Только теперь Китнисс поворачивается к нему. Не просто поворачивает голову, она полностью меняет позу.
— Зачем ты хочешь, чтобы я прочитала его? — задает самый главный вопрос девушка, вопрос, который мучил ее весь день, пока она боялась и желала начать чтение того, что писали вовсе не для нее.
— Думаю, не в моих интересах, чтобы ты прочитала его, — хмыкает Пит. Его начинает забавлять вся эта ситуация: бессмысленный разговор, бессмысленная жизнь, бессмысленный выбор вариантов, кто сейчас находится перед ним. И он отвечает, не дожидаясь, когда она спросит: — Я не хочу, чтобы ты знала, что я убил твою сестру.
Сойка-пересмешница вздрагивает и встает так резко, что стул, на котором она сидела, едва не переворачивается.
— Ты… что?
— Я убил твою сестру, Китнисс, — повторяет Пит.
Поэтому Эффи не позволила Плутарху трусливо положить дневник рядом с другими книгами. Поэтому Эффи отдала дневник именно Питу. Капитолийка просто переложила на его плечи решение проблемы: должна ли Китнисс знать то, чего не знал никто из них.
— Ты не мог, — голос у Китнисс дрожит.
— Ты права, — легко соглашается Мелларк. — И не права одновременно. Это как с котом Шредингера, знаешь? Кота сажают в закрытую коробку и не могут однозначно ответить, жив кот или мертв. Единственный выход — открыть коробку. Пока коробка закрыта кот и жив, и мертв.
Память услужливо подсовывает другой пример: шкатулку Пандоры. Но, может, Китнисс и не вспомнит его?
— Как долго ты пробудешь здесь? — спрашивает девушка уже спокойнее.
— Если ты хочешь начать читать, то я могу дождаться,
Его слова звучат в голове эхом. Только отголоски звуков, от которых начинает болеть голова.
— Я не держу тебя, — со странным спокойствием говорит Китнисс. — И не гоню, — добавляет, думая уже о чем-то другом. Пальцы ее крепче и крепче сжимают книгу. Все ее сегодняшние размышления на тему, можно ли читать чужой дневник — пусть родного и близкого, но мертвого человека, — канут в небытие.

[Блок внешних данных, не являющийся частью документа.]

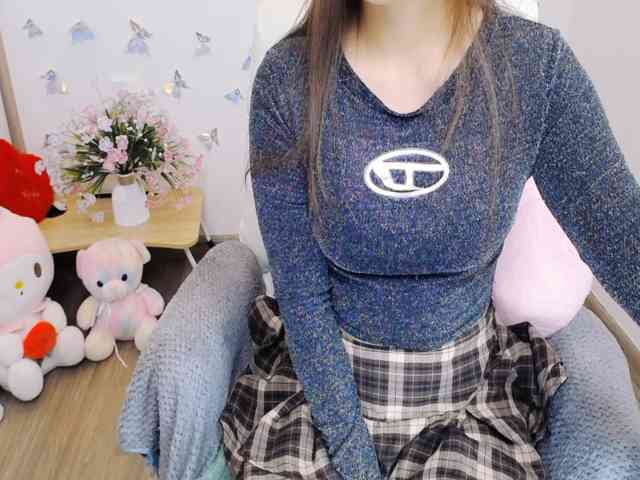 Angela19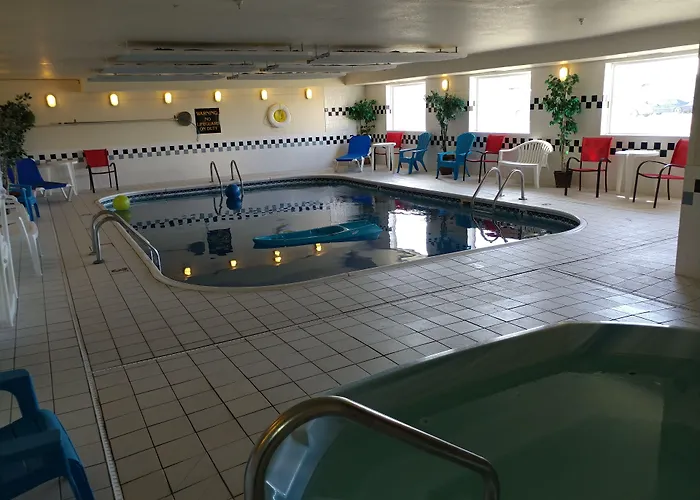 Motel Days & By Wyndham 19th Ave/airport Dome Fargo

Покидая кухню — покидая Пита — она не желает ему спокойной ночи.
Кажется, им обоим сегодня не заснуть.
========== 7. ==========
Комментарий к 7.
За помощь в редактировании этой и всех последующих глав выражаю признательность уважаемой бете Lina Alexander!
Сегодня неплохой день. Не такой плохой, как обычно. Мне нечем заняться здесь, в этом подземном мире, и вот, теперь у меня есть записная книжка. В условиях жесткой экономии и распределения ресурсов получить записную книжку — редкая удача. Понять бы еще, зачем мне дал ее Плутарх?

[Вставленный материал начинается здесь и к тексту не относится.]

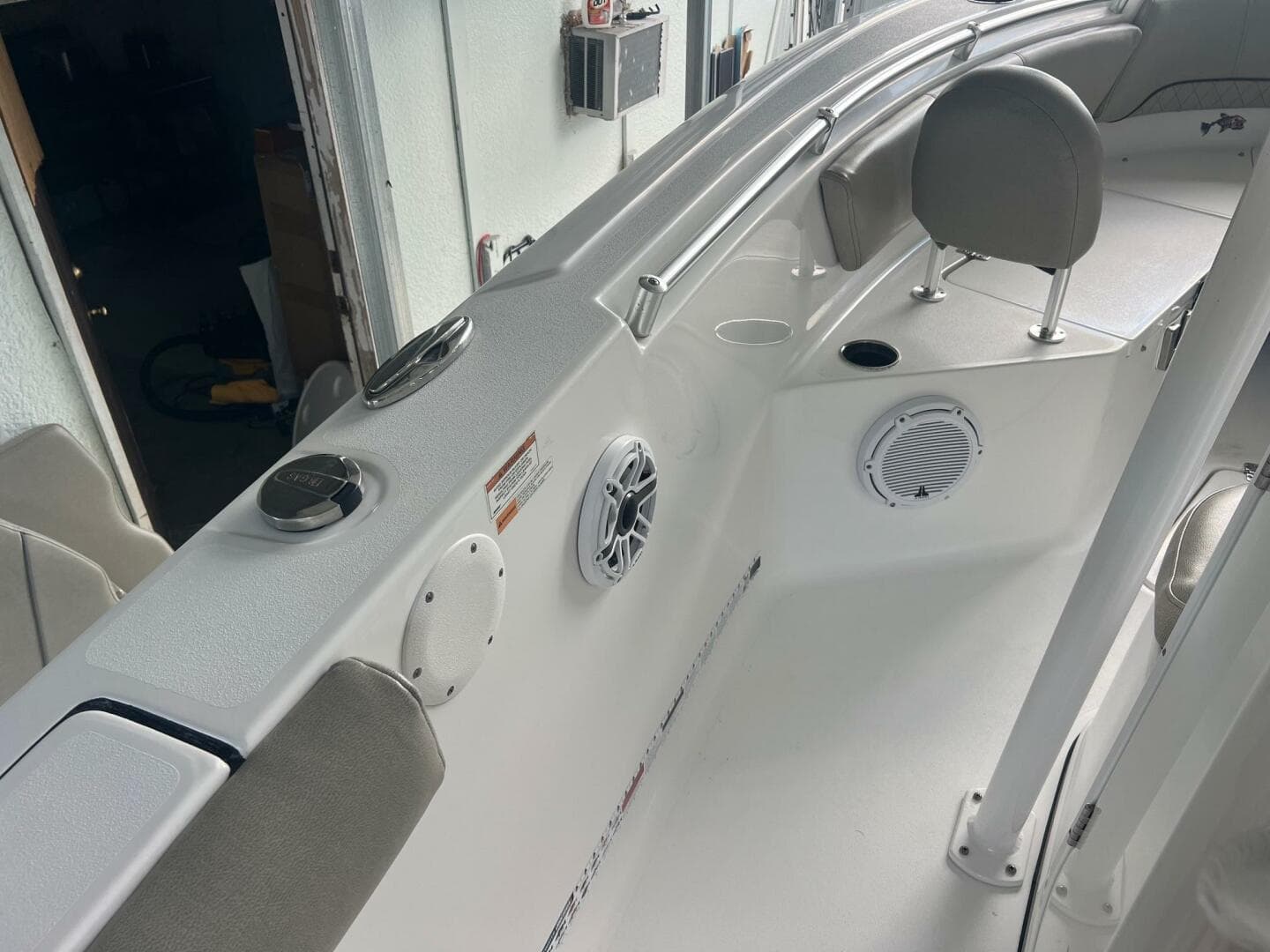 2021 Sportsman 232 Platinum Center Console — photo 13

У тебя не было выбора с самого начала, Китнисс. Ты нужна им только как символ революции. И теперь, когда ты согласна, все становится проще для них и сложнее для нас. Конечно, в этом есть и хорошие стороны. Ты вспомнила про Лютика. Про кота, которого ненавидишь, но которого уже дважды спасла от верной смерти.
Из тебя получится хороший символ революции, Китнисс. Только останься самой собой.
Пожалуйста.
Знаешь ли ты, в какой опасности находишься, Китнисс?
Здесь ходит так много слухов. И от каждого из них меня бросает в дрожь. Тебя спасли, Китнисс, для того, чтобы бы ты оказалась в еще более страшной опасности. Понимаешь ли ты, Китнисс, какие люди тебя теперь окружают?
А ты боишься?
Или страх за меня сильнее страха за себя? Еще тогда, на Жатве, когда ты вызвалась добровольцем, я впервые поняла, на что ты готова пойти ради меня. Это даже немного пугает — такая расстановка приоритетов, будто моя жизнь ценнее твоей.
Не ценнее, Китнисс. Теперь у тебя есть шанс сделать что-то, что никогда не смогу сделать я.
Спасти всех.
Звучит по-детски, правда? Будем считать, что я еще ребенок. Маленькая испуганная девочка, которая услышала свое имя в самую первую Жатву. Девочка, которая уж точно бы не выжила в той мясорубке, в которую вместо нее добровольно отправилась ее сестра. Девочка, которой пришлось рано повзрослеть, когда ее сестра из-за нее оказалась в смертельной опасности. Девочка, которая не спала ночами напролет, представляя, каково сейчас ее сестре находиться там, пристегнутой к дереву, отравленной, раненной, умирающей.